One of the striking and fantastic things about internet conversation is the relatively free association of people – physical space becomes irrelevant, and it is all of the sudden easy to engage people from throughout the world in conversation, to undertake debates with seemingly anyone and use anyone’s work as source material, with the potential for inspiring a response from anyone who stumbles upon your work. With such a huge variety of choices to be made, those choices take on additional significance. No longer limited to citing ones local newspaper or journals available at a public library, a person’s source of a citation becomes very telling. And with feedback so immediate, how a person interacts with the audience they cultivate and engage with becomes all the more significant.

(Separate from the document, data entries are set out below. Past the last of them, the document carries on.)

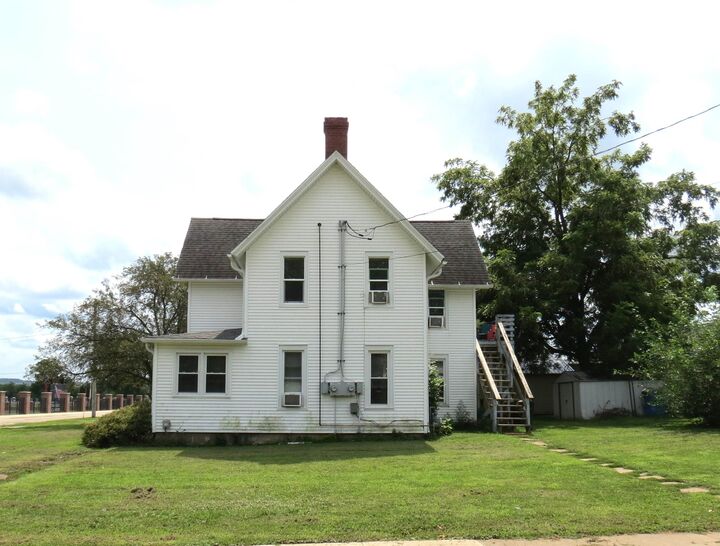 Property Photo:  502 S Eliza Street  IA 52060 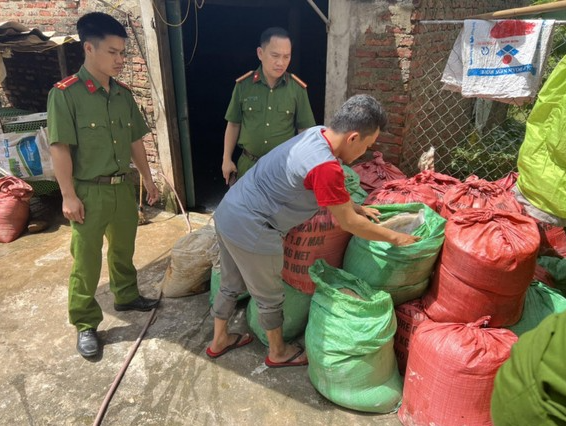 Hà Tĩnh: Phát hiện 25 bao tải mỡ động vật không rõ nguồn gốc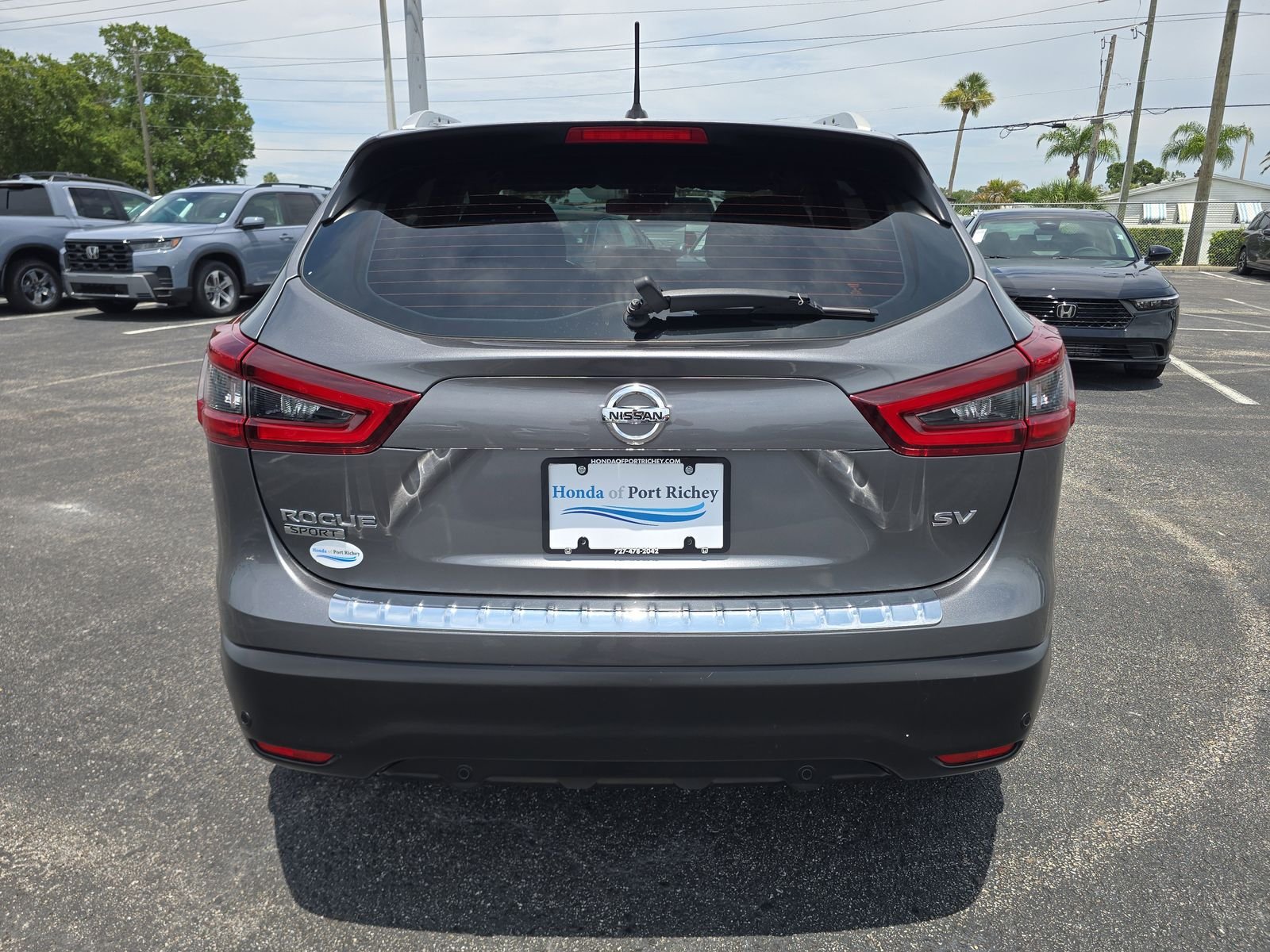 Used 2021 Gray Nissan SV image 5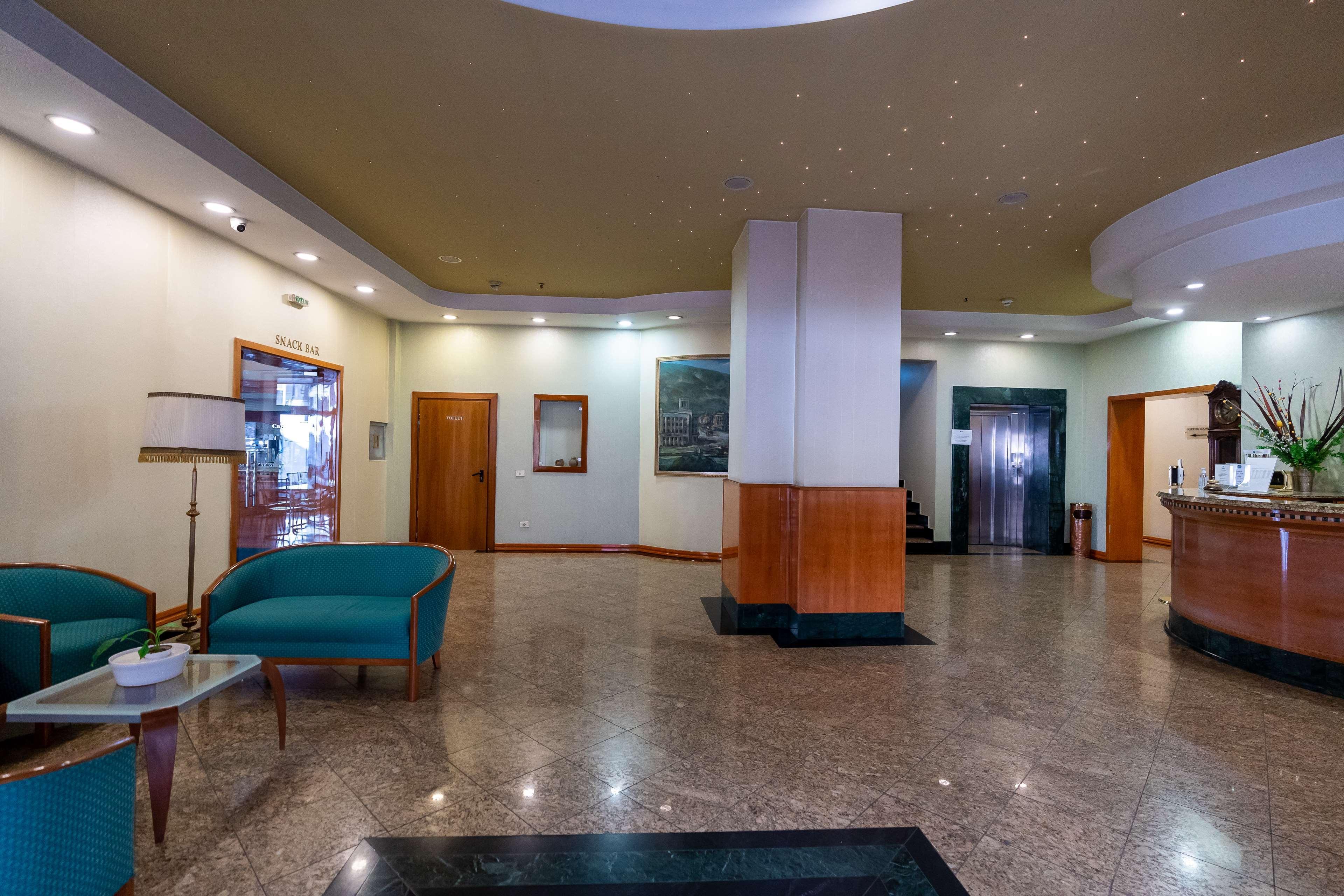 Best Western Hotel Turist Skopje Esterno foto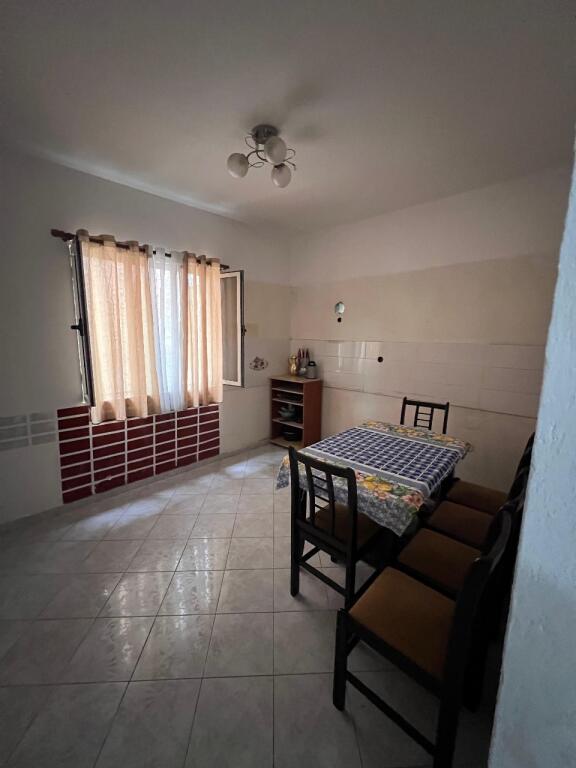 VILLA SU TRE PIANI IN VENDITA A 5 MAJI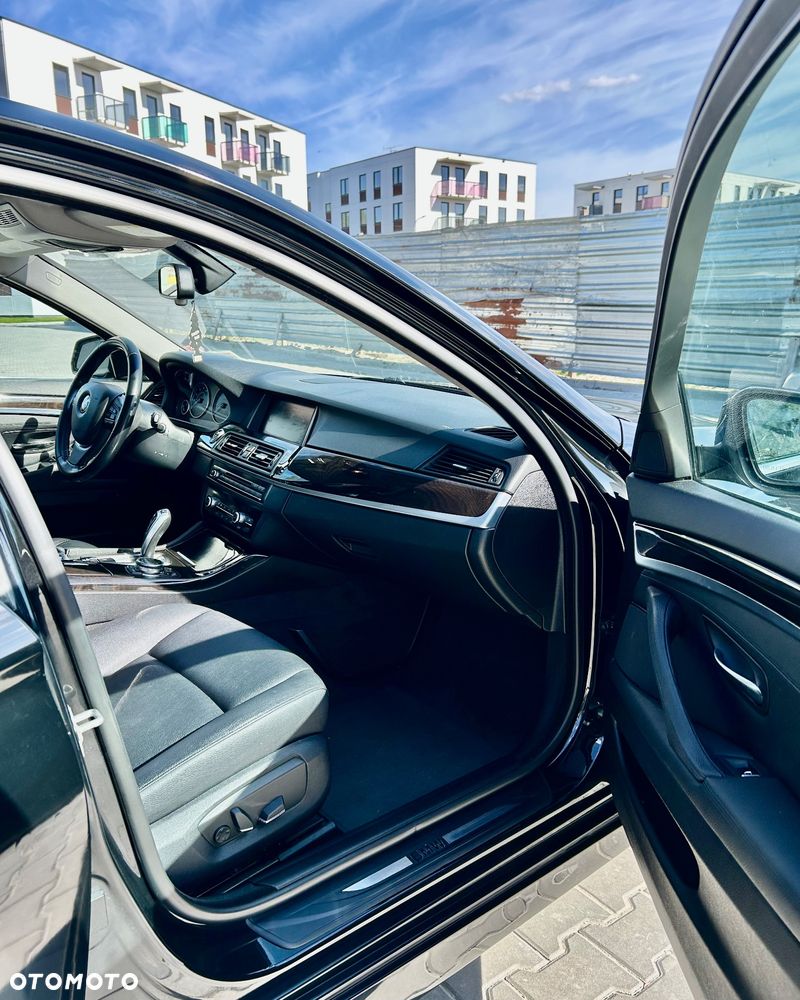 BMW Seria 5 528i Luxury Line - 17
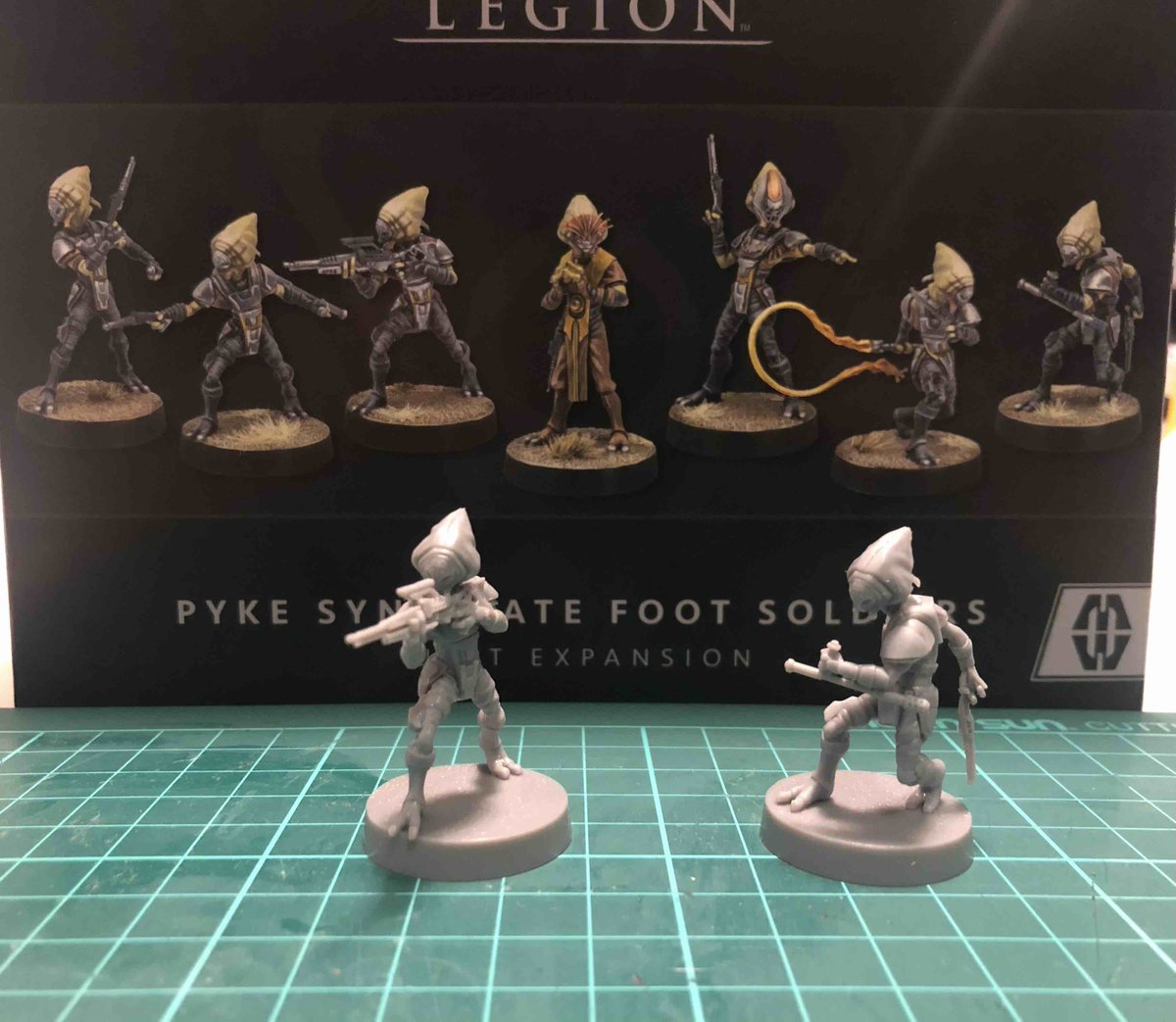 pherahgo's tweet photo. #hobbystreak Day 20.
Obligatory "So it begins" post!
I decided to start Star Wars Legion, but I haven't decided on faction yet (but it will probably be either Empire or CIS), so instead I bought some mercenaries!
#StarWars #StarWarsLegion #PykeSyndicate https://t.co/ZisW1dI8nP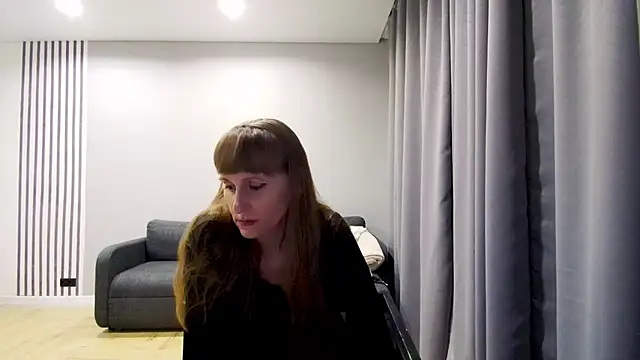 Daniella Lorente online show from 12/21/24, 07:38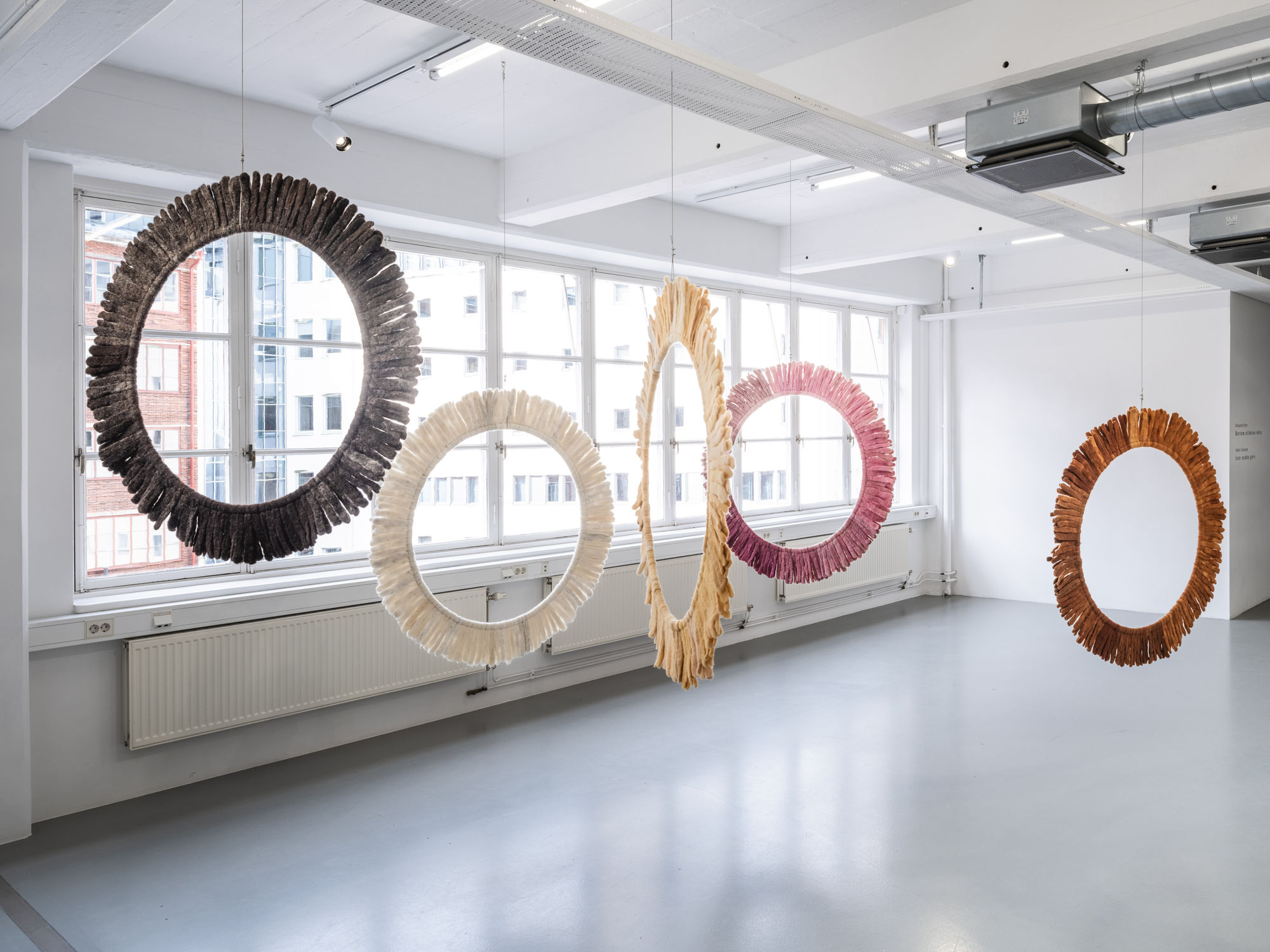 Installation view, Helén Svensson, Inte nudda golv, 2024, Galleri Duerr. Photo: Jean-Baptiste Béranger.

This has had me thinking in the past weeks about the appropriate way to deal with source material or commentators who are undeniably racist. Two recent cases troubled me because they involved authors who are almost certainly free of racial bias, who nonetheless lent some measure of legitimacy to much uglier writers. The first was Mark Tokarski citing and endorsing the opinion of one Richard Spencer regarding Libya. The problem? Richard Spencer believes in ‘race realism’, whereby Africans are inherently less intelligent and more anti-social than other race (for evidence, follow the link and find the category ‘human biodiversity’.) He thus seems uniquely unqualified to write about the future of an African nation. Mark and my conversation meandered a bit, but at no point would he admit that his source was invalid or even problematic. – I obviously don’t think Mark entertains any racist thoughts, but to defend such a source on such a topic despite the overwhelming wealth of information on the internet does a disservice to the quality of discussion and gives unnecessary validity to those who advocate patently invalid ideas.
Far more troubling is inaction when one’s own words feed and stir the racist pot, as Dustin Hurst did in his false attack against Schweitzer, claiming the governor had accused Montanans of being generally racist. I don’t think anyone could have predicted the tide of racist appreciation he received for the article. But when people agreeing (and nearly every comment agreeing with the article exposed the racism of its writer) with you start throwing around terms like ‘Adam’s (white) dominion), For Whites by Whites, and race traitor, some kind of response is appropriate. I know Dustin thinks he is a journalist, and thus has no time for commenting on his own articles, but a real journalist also does a little fact checking. If you are going to write false statements that stir up a disgusting, racist response, you have a journalistic and moral responsibility to address them. Again, I don’t think Dustin is a racist, but he apparently does not share most people’s aversion to racism, and is functionally encouraging it by falling down on his responsibilities as a journalist.
Racism is an irrational and socially destructive ideology that has no place in modern discourse, save as a cautionary tale. Those who write on the internet, then, have a responsibility to avoid giving validity to racist thought processes, either by holding racist writers up as ‘experts’ or feeding into the racial illusions of their readers and commentators.